Deputy Prime Minister Bin Chhin said Monday that the ruling CPP’s demand that dual nationals be banned from sitting on a reformed election commission is not intended to prevent Licadho President Pung Chhiv Kek from becoming the “neutral” ninth member of the new institution.
CNRP President Sam Rainsy and Prime Minister Hun Sen signed a deal on July 22 that led the opposition party’s 55 lawmakers to end their boycott of parliament in exchange for an overhaul of the CPP-led National Election Committee (NEC).

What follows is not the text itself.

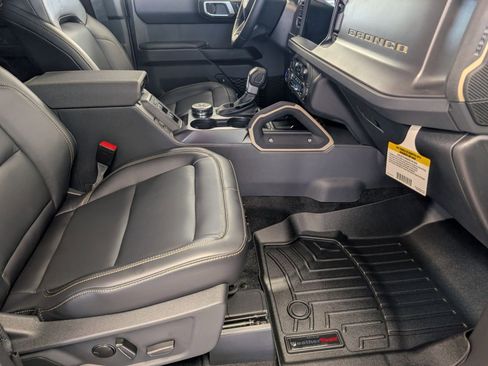 New 2026 Ford Bronco Badlands AWD/4WD image 27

Under the deal, each party will have the right to select four members of the NEC, with the ninth tie-breaking member chosen by both. Ms. Chhiv Kek was approved for the ninth position on July 28 and the CNRP took its seats the next week.
The subsequent talks to draft the law for the new institution have been deadlocked since early October, with the CPP now demanding that NEC members not hold foreign passports. Ms. Chhiv Kek is also a French and Canadian citizen.

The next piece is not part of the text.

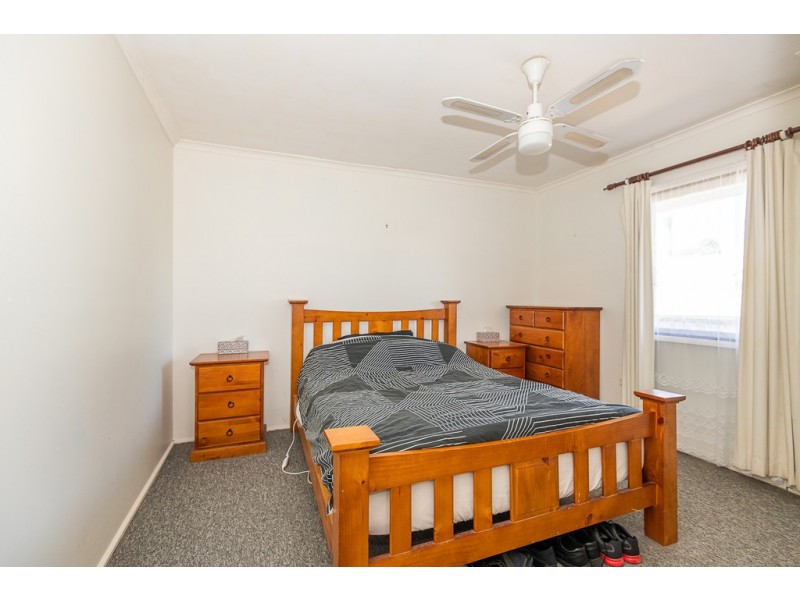 2 Wallarah Street, Surfside NSW 2536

“It is not targeted at any individual person,” Mr. Chhin, the CPP’s lead delegate in election reform talk, said of his party’s demands after a weekly meeting Monday. “This draft law, we draft in general. We do not draft it to target on this or that persons. So please make it clear, it’s not about that.”
Mr. Chhin insisted that the ruling party still supports Ms. Chhiv Kek’s candidacy for the ninth slot on a new NEC.
“We support [her] but we don’t know she has two nationalities or whatever. Don’t make assumptions about that. It’s the wrong evaluation, we have written [the draft], without targeting this or that person. Don’t be confused,” Mr. Chhin said.
“We want single-nationals because they can prove they have Khmer citizenship and they can work without links to other areas,” he explained. “We want them to be neutral since we do not want to hear of there being any [outside] influence.”
He added that Ms. Chhiv Kek would always have the option of renouncing her foreign passports if necessary.
“We are just assuming that she will be like this or that. Sometimes, they can give it up, we don’t know,” he said.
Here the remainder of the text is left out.